Para la apreciación de la inteligencia del escolar ya hemos dicho también con cuántas dificultades y circunstancias complicadas hay que luchar para formarse una opinión y cuán necesario resulta un método de medida. Tal método queda expuesto y constituye un instrumento precioso, con la condición, por supuesto, de que sea manejado con mucho tacto y con mucha inteligencia. Y a propósito de esto hemos afirmado que existe una educación de la inteligencia, es decir, un medio de desarrollarla, y que este medio no consiste en lecciones orales, sino en jercicios de estímulo, constituyendo lo que designamos con el nombre de ortopedia mental.

La memoria atrajo después nuestra atención, porque constituye una de las bases de la instrucción y alcanza en el niño un máximum de desenvolvimiento. El maestro debe ocuparse en medir la memoria de cada escolar para no sobrecargarle, y especialmente para no otorgar sin discernimiento recompensas y castigos que no resultarían merecidos. Hemos mostrado que la memoria se mide, en un experimento colectivo, con tanta facilidad como la acuidad visual. Después de unas palabras sobre el estudio y la cura de las ilusiones de la memoria, que resultan en gran parte errores de juicio, dijimos que la distinción de los escolares en visuales, auditivos y motores no presenta, en el estado actual de nuestros conocimientos, ninguna garantía de exactitud y consecuentemente ningún interés. Y hemos terminado trazando un programa de la educación de la memoria, que puede, de igual manera que la inteligencia, ser estimulada por ejercicios metódicos, insistiendo especialmente sobre la necesidad de ejercicios graduados y probando además por algunas observaciones cuáles errores se cometen abandonando este método.

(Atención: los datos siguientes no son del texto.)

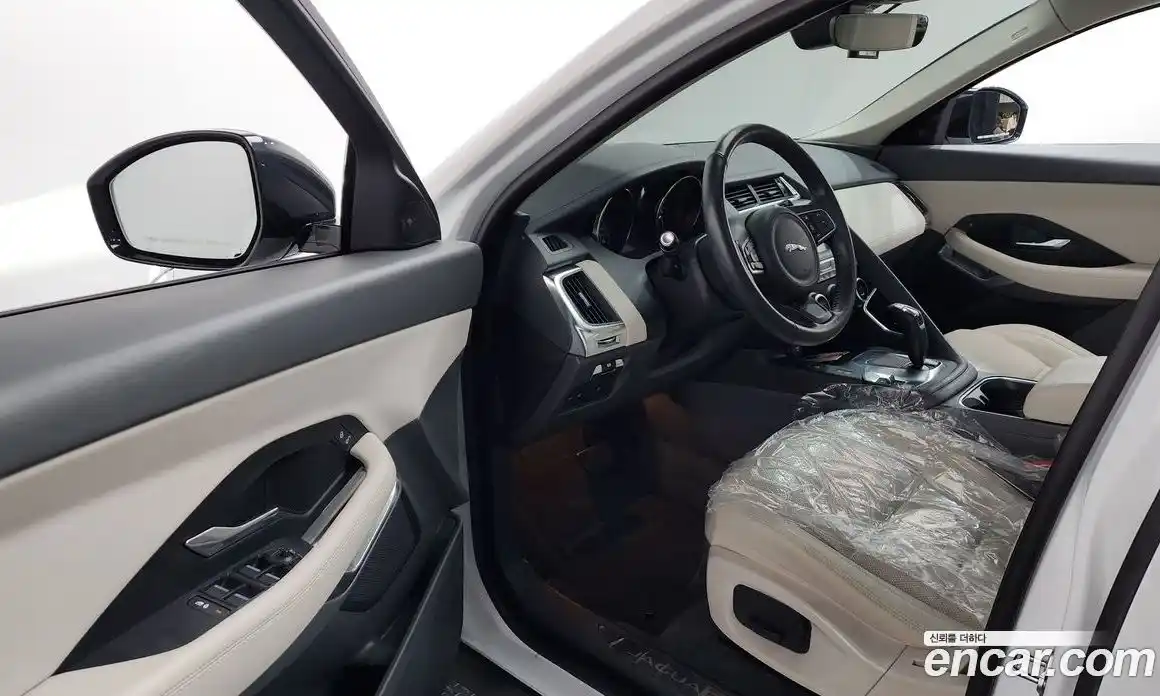 Jaguar E-Pace 2018 2.0 гидро в Москве № 1351114, фото 13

El capítulo de las aptitudes de los niños apenas ha sido bosquejado; el problema de las correlaciones es aún mal conocido; estamos aquí en la ciencia de mañana. Por eso nos limitamos a reclamar para los niños que fracasan en los trabajos literarios el acceso a los trabajos manuales, que ofrecen hoy con justa razón un gran valor educativo. Siempre que un niño se encuentre atrasado en clase, hay necesidad de saber lo que sería capaz de hacer en un taller de madera o de hierro.

Nuestro último capítulo sobre la educación moral y sobre la pereza nos ha permitido demostrar en un cuadro de conjunto la variedad de los procedimientos de que dispone un educador para obrar sobre el niño; la tarea de mañana consistirá en establecer relaciones entre los diferentes caracteres de los niños y los medios más apropiados a cada uno de estos tipos.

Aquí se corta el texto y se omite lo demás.